Yeah, I'm I'm with you. I think I think it's much easier to bundle integrations into like a feature set versus trying to charge like for Salesforce, it's twenty dollars a month for, you know, QuickBooks, it's thirty dollars a month. Just say like if you're enterprise, you get 10 or you win unlimited or whatever it is. And I also to your point about like the vertical in the industry, there are like some industries where like that Salesforce connection, you just have to have it. If you don't have it, you're not competitive.
Roee Hartuv (31:24)
Yeah.
Cristina Flaschen (31:40)
And if you are a product that like requires these connections, then you just have to bake it in and maybe freemium is not the the right move for you because there is an overhead cost to that, right? Like if you're doing like email
if you're doing email deliverability as a service or something, like those email addresses need to go somewhere and come from somewhere and like your product is not really useful unless you're getting those addresses from somewhere. And in that instance it's like you just have to do it and just eat it, but it is interesting how folks think about it. And I've definitely worked with companies that charge thousands of dollars for these connections a month.
Because they're working with like million dollar contracts and like they figured out that hey, that like SAP connector, these companies that use SAP are used to paying for this and like they will pay for it. So it is like a kind of a delicate dance, I think, and requires some more nuanced and specialized knowledge about your customer and the market that you operate in.
Roee Hartuv (32:41)
Yeah.
Interesting that you're bringing SAP, because usually SAP I would also advise, hey, SAP connectors, this is your world, not mine, but usually it comes with a lot of complexity. It's SAP, right? it usually is tied to emission critical software. So the SLA needs to be point nine nine, right? So in order for that to happen, you need to have
Cristina Flaschen (32:45)
Yeah.
Yes.
Roee Hartuv (33:07)
People maintaining that. I don't know what goes into maintaining that SLA, but there are real costs associated to that. Usually it's not SAP, it's not plug and play. There needs to be some sort of adaptation to that specific customer and their ERPs and their system. So specifically SAP is one of those things that I say usually I would chart premium for that connector.
Cristina Flaschen (33:33)
I agree with you as with SAP for sure.
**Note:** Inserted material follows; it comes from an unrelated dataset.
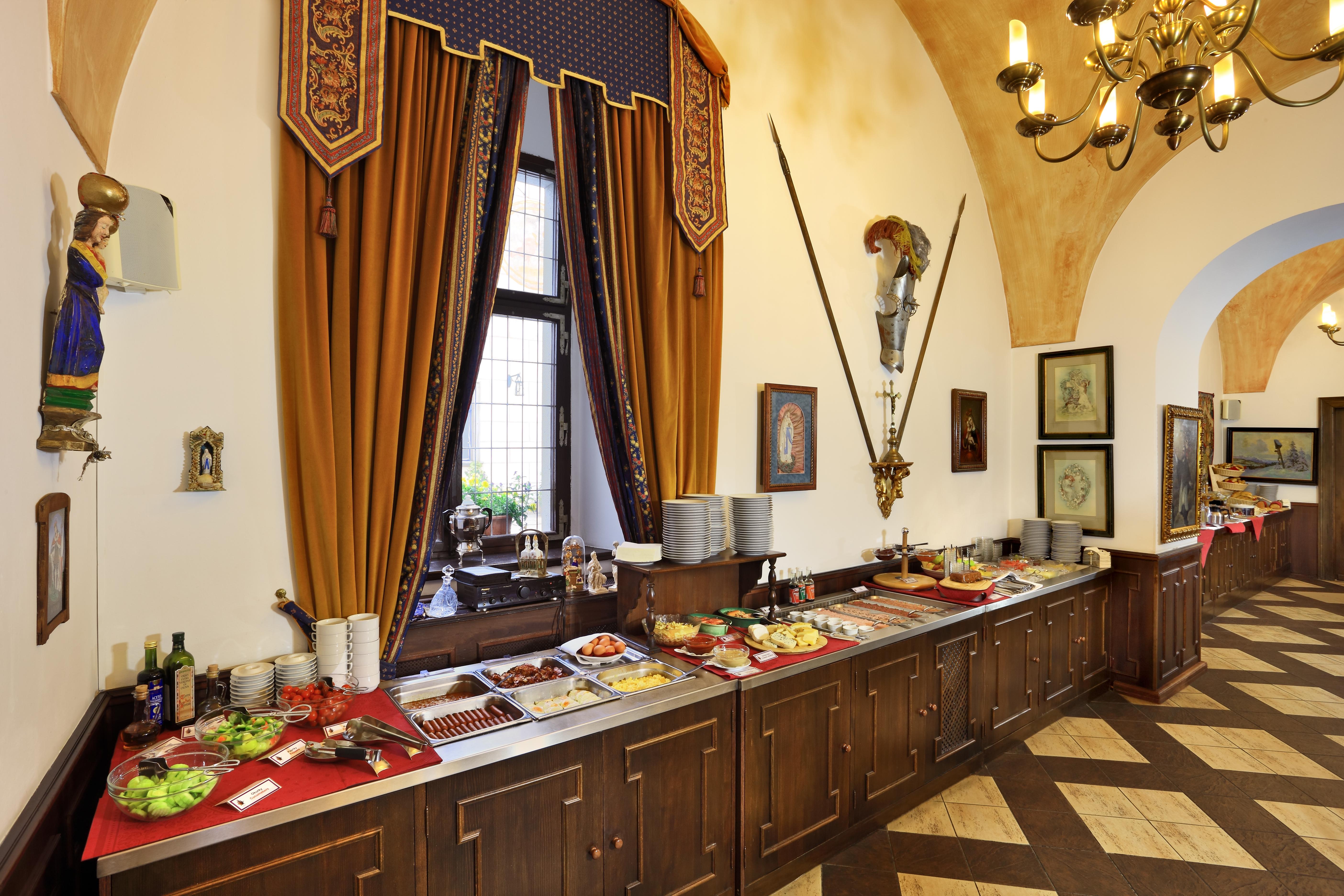 Hotel Ruze Český Krumlov Exterior foto The buffet at the restaurant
And there are also like some systems that there's a perception that that is the case when it's actually not. And yet there is still like because those customers that use those systems are typically more expensive. They're just like used to paying for it. So like there are some small companies, I mean, I've been doing this work forever,
where like connecting to their systems is a nightmare. Their APIs are garbage. Like everything about it just sucks. The overhead about it sucks. It's really complicated. And their customers are teeny tiny. So like they just expect it for free. And if you want to be competitive in that segment, you just have to do it. Versus others where they're like really well adopted, well documented. The teams are great. Like, and like sure, setting it up might be a pain, but then it's actually like a lot less work. But the customer base is
for whatever reason, maybe they're like really stuck in that industry or that specific software's really good for like that one thing. They're just used to paying for it. So it is this like again to go back to like what the market will tell you about it type of thing.
Roee Hartuv (34:37)
This is what we call customers' willingness to pay. And that's also the name of our company, willingness to pay. Because at the end of the day, we want a price based on how much different customers are willing to pay, exactly as you said. Like if you're a small company, you don't expect to pay for those integrations. Probably I need to give it away for free. But if I'm selling to those enterprises that do expect to pay for those integrations, it's common practice. Of course I'm gonna charge for it.
Cristina Flaschen (34:42)
Yeah.
Yeah, it's just it's funny how like the the value isn't always necessarily tied to the effort in terms of like it within the sometimes it is. Like sometimes you're looking at SAP, like that's annoying. But like sometimes it's the specialization can be the value in the even if the actual effort is not as high.
Roee Hartuv (35:23)
Yeah. So again, let me put you in into my world. Different ways to price, right? We can price based on costs. And like we can do cost plus and make sure that we have a certain margin that we want. Or we can again price on the customers willingness to pay. So some customers we will charge them more, although the cost stays the same, but they are willing to pay more. And that's how you build a more
Cristina Flaschen (35:27)
Yeah.
Roee Hartuv (35:49)
intelligent pricing and packaging strategy.
Cristina Flaschen (35:55)
It takes the expertise of someone like you to come in and help figure out what those things, what those vectors are. All right, so I think we are up at time. This has been such a great conversation. I could talk about this stuff forever. Where can folks find you? ⁓
Roee Hartuv (36:09)
LinkedIn is it's great. I'm there I try to post interesting
posts from time to time, but yeah, that's where I am.
Cristina Flaschen (36:17)
Definitely be on the lookout. I'll continue to be on the lookout for your posts. to our audience, thanks so much for joining us. This has been really fun. If you guys listening, watching, reading are interested in learning more about integrations, APIs, pricing, AI, all the things. We've got all kinds of great content, ebooks, other podcast episodes on our website, pandium.com. Thank you again so much for joining us today. This has been really fun. And I'm sure I will see you out there. Thanks again.
Roee Hartuv (36:45)
Thank you for having me.
Sarah Elkins (36:46)
Thanks for listening. If you enjoyed our content, subscribe to our channel and give us a thumbs up. For more content on tech partnerships, integrations, and APIs, check out our articles, eBooks, and other resources in the description or visit Pandium's website.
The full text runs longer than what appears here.